# Gps tracking



## Mtrstump (Mar 24, 2015)

Does anyone know of a gps tracking device that can be mounted on equipment. I want one that can be tracked by smart phone. I have done an exhaustive search on the Internet, and all I find is gps with a monthly contract, where if your equipment is stolen the maker of the device will track it for you and call the police. It seems as though you should be able to do it yourself and not pay a monthly fee. I think there is a huge market for this. I can't understand why it's not available


----------



## HusqyStihl (Mar 29, 2015)

Ive thought of them little I-Tabs or whatever ya call em. little white squares that you could mount but that was awhile back and i think that had a monthly fee also. everyones gotta have their hands in your pockets at all times


----------



## ChoppyChoppy (Mar 29, 2015)

There was "tile" but I'm not sure that ever came to become anything.


----------



## HusqyStihl (Mar 29, 2015)

thats what i be talkin about. are they still available or did they go nowhere with them? i seem to recall them being like 1/2" x 1/2" or so and you could attach them to anything and then just track them with your iphone. but theres always a monthly fee for any of that. makes me wonder if theres an option to buy them and then "turn them on/pay the monthly fee" when something seems to come up missing? doubt it but i dont see with technology these days they cant offer something like that. i suppose for now i'll stick with ye ole chain, masterlock and 12 gauge...


----------



## Mtrstump (Mar 29, 2015)

Somebody could make a killing on this. I would buy at least 10 of them right now if I could track it myself with out paying a contract. I mean think about it, $20 a month or $240 a year for someone to do absolutely nothing unless it's stolen. Then they will tell the police where it is. Somebody please invent this.


----------



## Breathfireagain (Apr 13, 2015)

Our insurance company rep drops a "Pill" into the oil fill tube on new heavy equipment when purchased. next time I see him; I'll ask....I think it's all about preventing stalking and other nonhealthy acts.


----------



## KingDavey (Apr 16, 2015)

Check out DPL America if you're still looking. It is who the rental company I work for uses. http://www.dpltelematics.com/index.htm


----------



## TRISTATEFORESTRYEQUIPMENT (Jun 6, 2015)
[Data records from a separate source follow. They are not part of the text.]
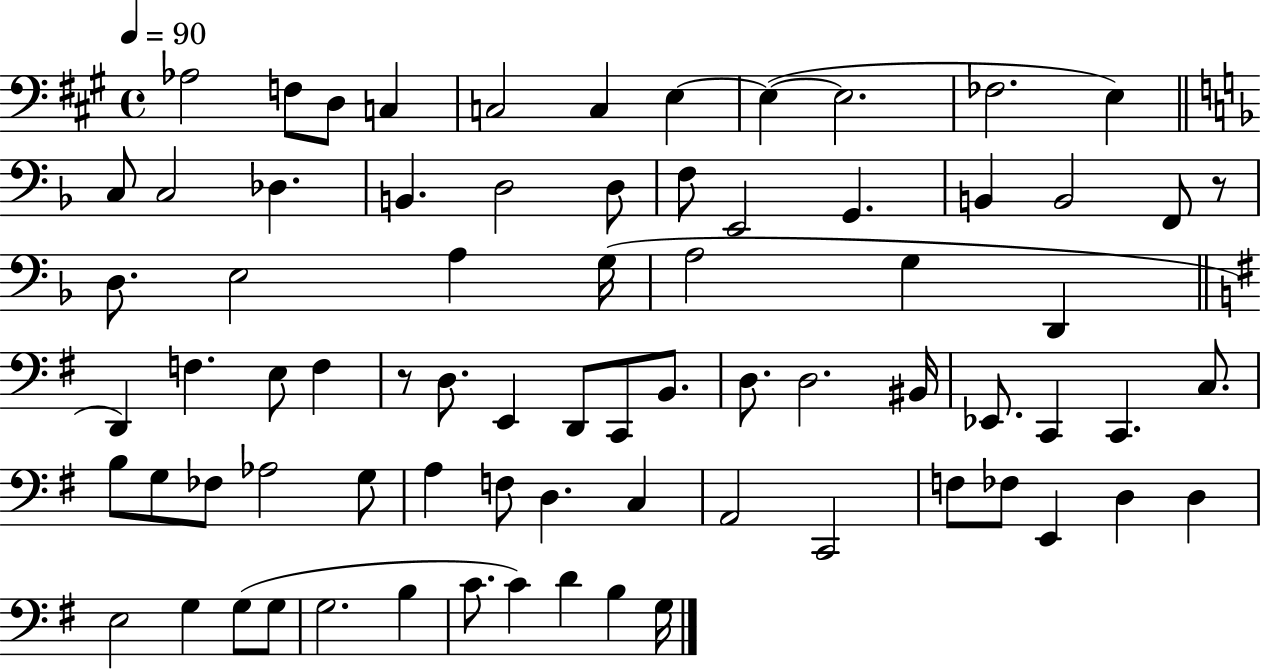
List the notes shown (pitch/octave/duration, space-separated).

Ab3/h F3/e D3/e C3/q C3/h C3/q E3/q E3/q E3/h. FES3/h. E3/q C3/e C3/h Db3/q. B2/q. D3/h D3/e F3/e E2/h G2/q. B2/q B2/h F2/e R/e D3/e. E3/h A3/q G3/s A3/h G3/q D2/q D2/q F3/q. E3/e F3/q R/e D3/e. E2/q D2/e C2/e B2/e. D3/e. D3/h. BIS2/s Eb2/e. C2/q C2/q. C3/e. B3/e G3/e FES3/e Ab3/h G3/e A3/q F3/e D3/q. C3/q A2/h C2/h F3/e FES3/e E2/q D3/q D3/q E3/h G3/q G3/e G3/e G3/h. B3/q C4/e. C4/q D4/q B3/q G3/s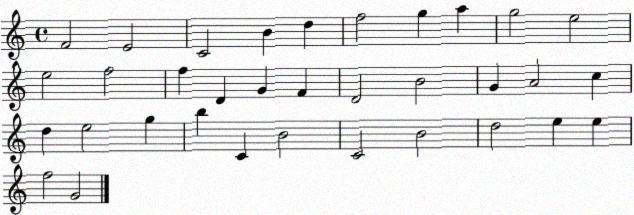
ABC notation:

X:1
T:Untitled
M:4/4
L:1/4
K:C
F2 E2 C2 B d f2 g a g2 e2 e2 f2 f D G F D2 B2 G A2 c d e2 g b C B2 C2 B2 d2 e e f2 G2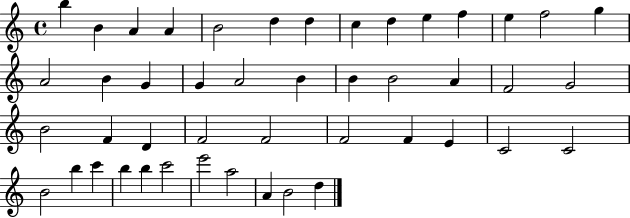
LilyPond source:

{
  \clef treble
  \time 4/4
  \defaultTimeSignature
  \key c \major
  b''4 b'4 a'4 a'4 | b'2 d''4 d''4 | c''4 d''4 e''4 f''4 | e''4 f''2 g''4 | \break a'2 b'4 g'4 | g'4 a'2 b'4 | b'4 b'2 a'4 | f'2 g'2 | \break b'2 f'4 d'4 | f'2 f'2 | f'2 f'4 e'4 | c'2 c'2 | \break b'2 b''4 c'''4 | b''4 b''4 c'''2 | e'''2 a''2 | a'4 b'2 d''4 | \break \bar "|."
}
i use http://www.kryptonitelock.com/en/realtime-gps.html its a extremely easy to use product. 
you can set a geo fence, if your machine starts in the middle of the night you can set text alerts to let you know, if it moves 1 foot you can set alerts. I've never seen a better product. the first year is free with the purchase of the unit. after that i think its 20 a month or something. 
you can view where your machine is 24 hours a day on your smart phone .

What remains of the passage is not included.